Wednesday, June 5, 2013

a quiet heart is a humble heart {how to keep a quiet heart: Part 2}

Lately, I’ve been exploring how to keep a quiet heart.  

I’ve been trying to protect pockets of quiet in my day.  Early mornings.  Naptime.  An hour in the evening.  Strategically trying to use those pockets of quiet to connect with Jesus, instead of scrambling to get one more post online or finish downloading the latest episode of Survivor.  

I’ve been practicing awareness of the presence of Jesus, trying to stay mindful of the fact that He really is with me every moment.  I’ve been trying to weigh down the moment with being all here, instead of letting my mind flee ahead into my to-do lists or stacked-up agendas.
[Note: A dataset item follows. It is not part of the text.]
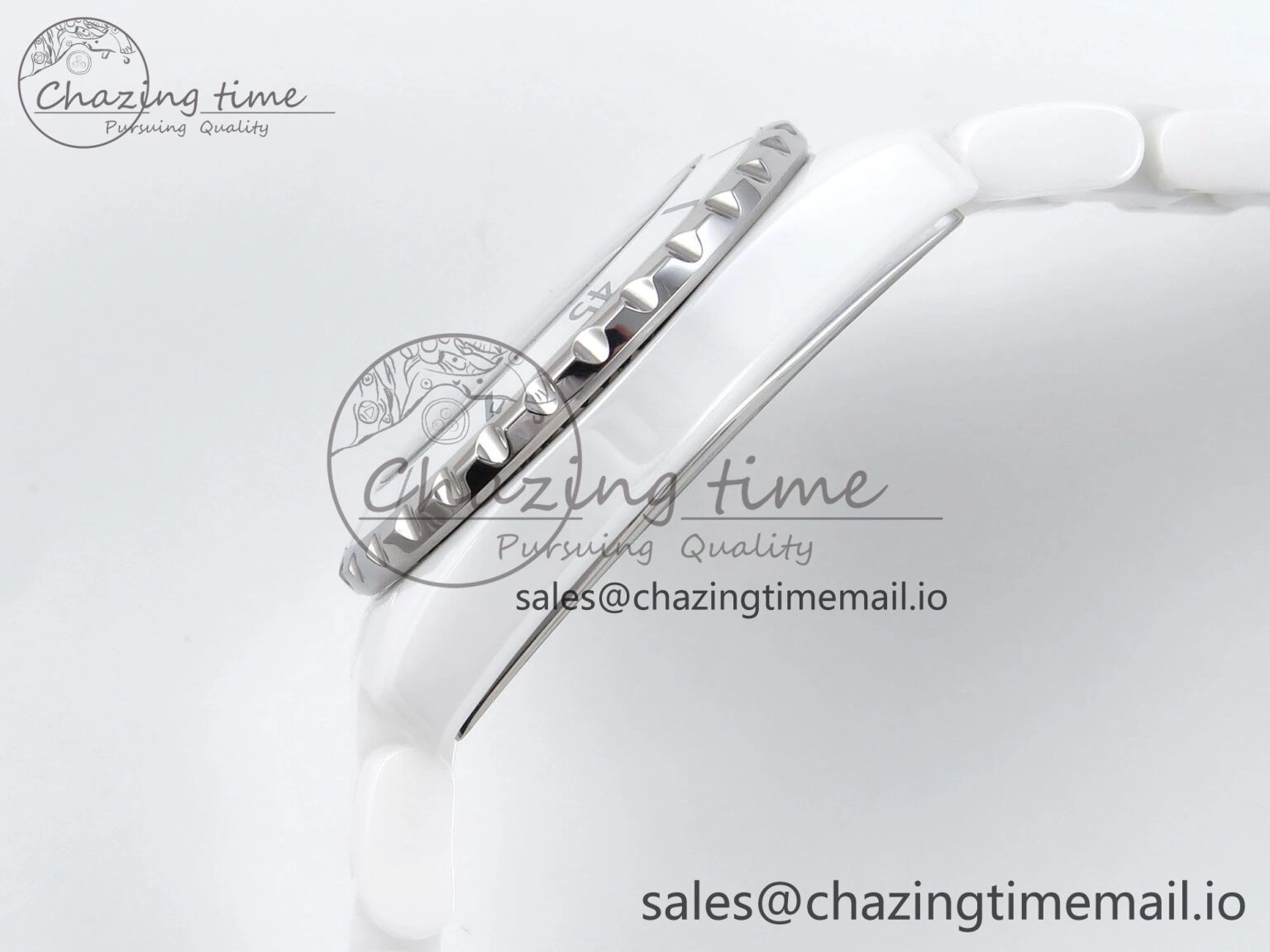 J13 38mm White Ceramic HTF 1:1 Best Edition White Dial on Bracelet Swiss Quartz Timeless 6424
It’s really hard.  It takes a discipline I don’t have yet to consistently choose Jesus and quietness over scramble and flurry.  A lot of days, I don’t succeed.  (And I’m noticing those are the days I feel scattered, frustrated and discouraged by bedtime.)

This afternoon, I’m teetering on the edge of resentment that my precocious five-year-old couldn’t doze just a little longer so I could have some uninterrupted writing time.  He woke up at the slightest rustle of noise, right as I was lighting a candle and sinking down into my writing chair, to come and ask me the inevitable, pleading question: “Will you play with me?” 
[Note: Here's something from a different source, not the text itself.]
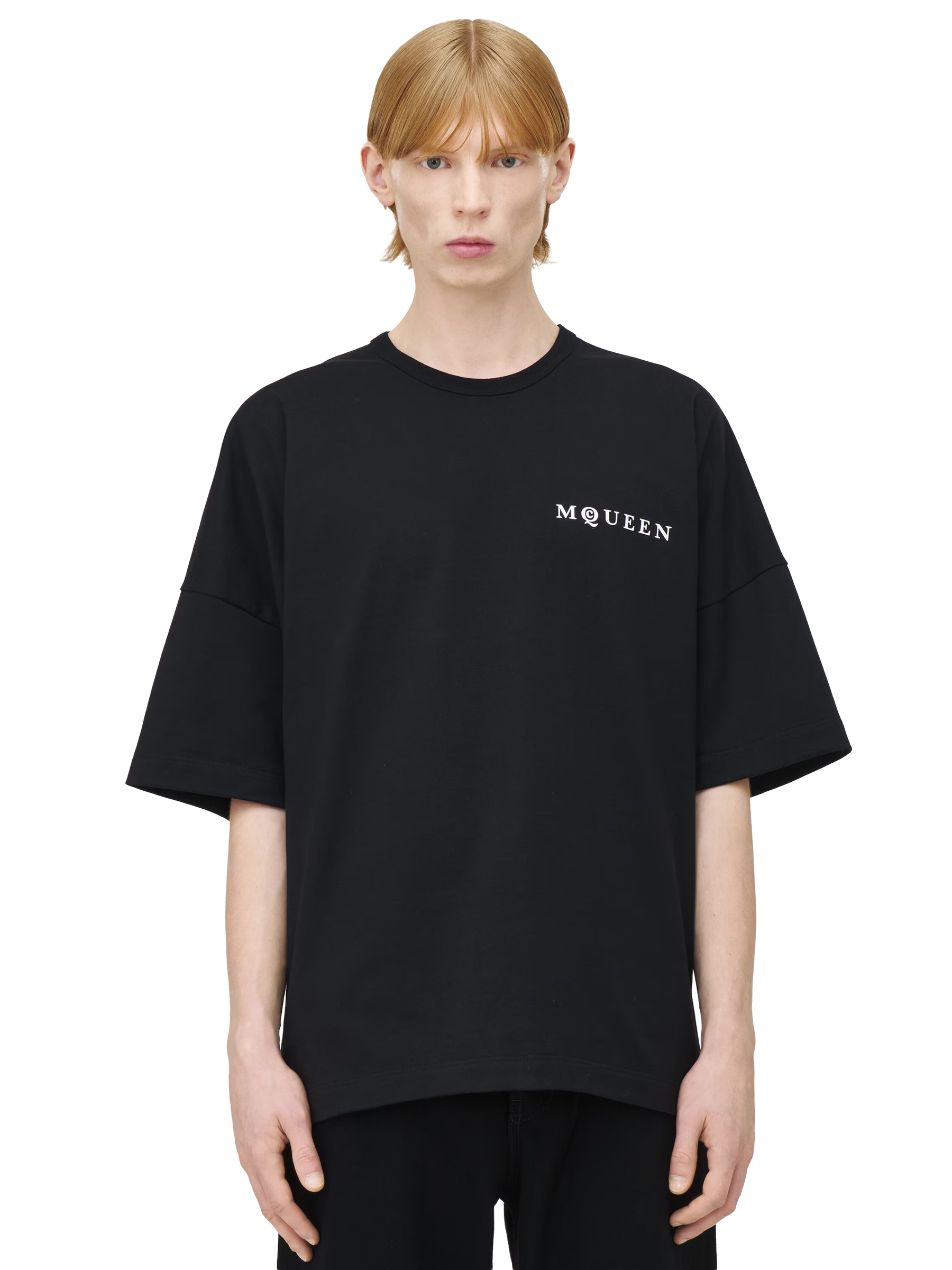 Alexander McQueen Oversized Vertical Back Logo T-Shirt in Black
I had just sat down to write this post.  I wanted to explore this quote I found a while ago by Andrew Murray:

“Humility is perfect quietness of heart.  It is to expect nothing, to wonder at nothing that is done to me, to feel nothing done against me.  It is to be at rest when nobody praises me, and when I am blamed or despised.  It is to have a blessed home in the Lord, where I can go in and shut the door, and kneel to my Father in secret, and am at peace as in a sea of deep calmness, when all around and above is trouble.” 

-Andrew Murray, Humility

Humility means to expect nothing.

When I start expecting things to go my way, my quietness of heart is ruffled.  Inevitably, my demands aren’t met.  My expectations are shattered.  It’s actually unrealistic and selfish to demand that I have my cake and eat it too: that I should get to rest on my bed for half an hour, and then have some uninterrupted time to write as well.  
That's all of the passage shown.